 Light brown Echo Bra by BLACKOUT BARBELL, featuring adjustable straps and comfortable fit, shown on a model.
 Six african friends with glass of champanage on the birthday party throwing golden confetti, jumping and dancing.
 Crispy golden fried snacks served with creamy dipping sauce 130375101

* * *

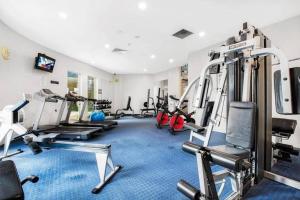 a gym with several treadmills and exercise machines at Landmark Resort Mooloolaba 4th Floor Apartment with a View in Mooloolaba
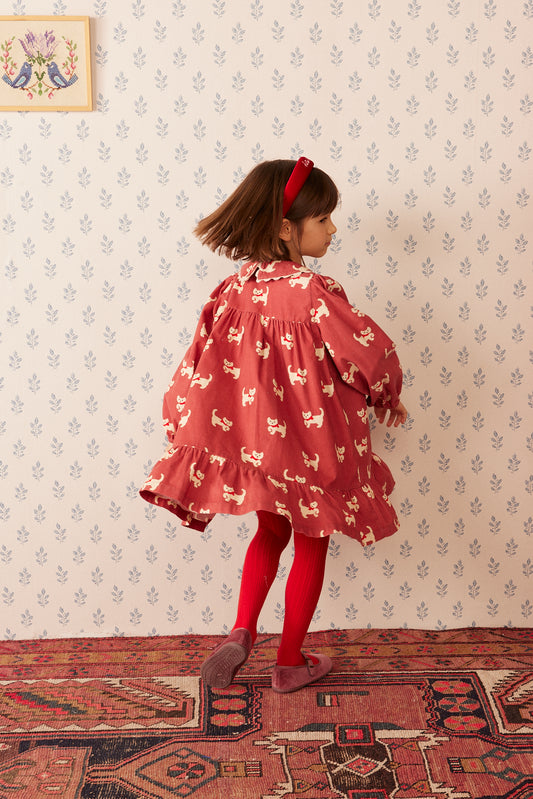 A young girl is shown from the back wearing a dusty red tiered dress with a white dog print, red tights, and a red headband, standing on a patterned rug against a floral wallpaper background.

(Problem): Copy the records above exactly, beginning at the line that contains "Light brown Echo" and stopping after the line that contains "Crispy golden fried".

(Result for this exercise):
 Light brown Echo Bra by BLACKOUT BARBELL, featuring adjustable straps and comfortable fit, shown on a model.
 Six african friends with glass of champanage on the birthday party throwing golden confetti, jumping and dancing.
 Crispy golden fried snacks served with creamy dipping sauce 130375101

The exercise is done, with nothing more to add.